On essaie de ne pas faire quelque chose de communautaire, mais de proposer une œuvre universelle, qui parle à tout le monde, que ce soit en France, en Belgique ou ailleurs. Et ça fonctionne : OPJ est diffusée dans 12 langues, dans de nombreux pays.

Quel retour recevez-vous du public ?

Des retours très chaleureux. Beaucoup de femmes m’écrivent, notamment à propos de la relation mère-fille dans la série. Cela touche, inspire, suscite des vocations. C’est très gratifiant.

Quels défis vous attendent pour la suite de la série ?

Nous travaillons saison après saison. Pour la prochaine, on ajoute davantage de cascades, de scènes physiques. L’équipe de cascadeurs est excellente, ça permet d’explorer d’autres facettes du personnage.

Y a-t-il un rêve artistique que vous n’avez pas encore réalisé ?

Oh, plein ! J’aimerais incarner une avocate, ou un personnage complètement loufoque. J’ai encore beaucoup de rôles que je rêve d’interpréter avant la fin de ma carrière.

Parlez-nous de votre métier de présentatrice.

Aujourd’hui, je présente essentiellement la météo sur Réunion La 1ère . Avant, j’ai aussi animé des jeux, des émissions culturelles, des directs… Mais avec OPJ et d’autres tournages, il m’était difficile de tout concilier.
Présenter la météo, c’est plus léger, mais toujours important, surtout en période cyclonique. Cela fait maintenant plus de 16 ans que je fais ça. Je le fais toujours avec plaisir.

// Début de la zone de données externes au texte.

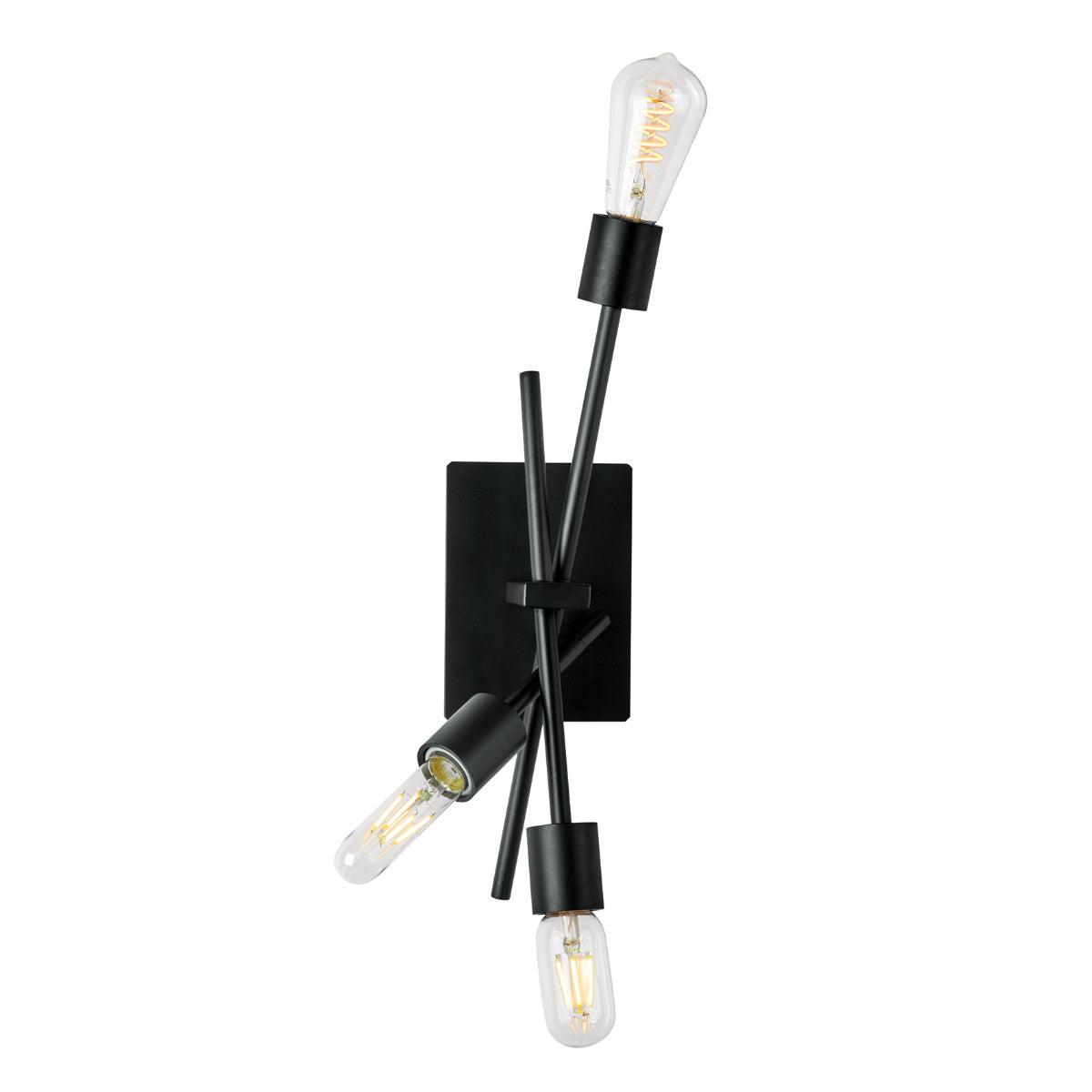 Norwell Lighting - 9750-MB-NG - Three Light Wall Sconce - Stick - Matte Black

Êtes-vous déjà venue en Belgique ?

Non, jamais ! J’ai vécu en Allemagne, à Hambourg, mais je n’ai encore jamais mis les pieds en Belgique. Il faudra que je vienne un jour !

Quels sont vos projets actuels ou à venir ?

Je vais bientôt tourner dans une nouvelle série qui sortira sur la plateforme de France Télévisions l’année prochaine. Et je travaille aussi sur un projet d’écriture de série, plus ambitieux que ce que j’ai pu faire jusqu’à présent. C’est un vrai défi, mais je suis curieuse de voir où cela va me mener.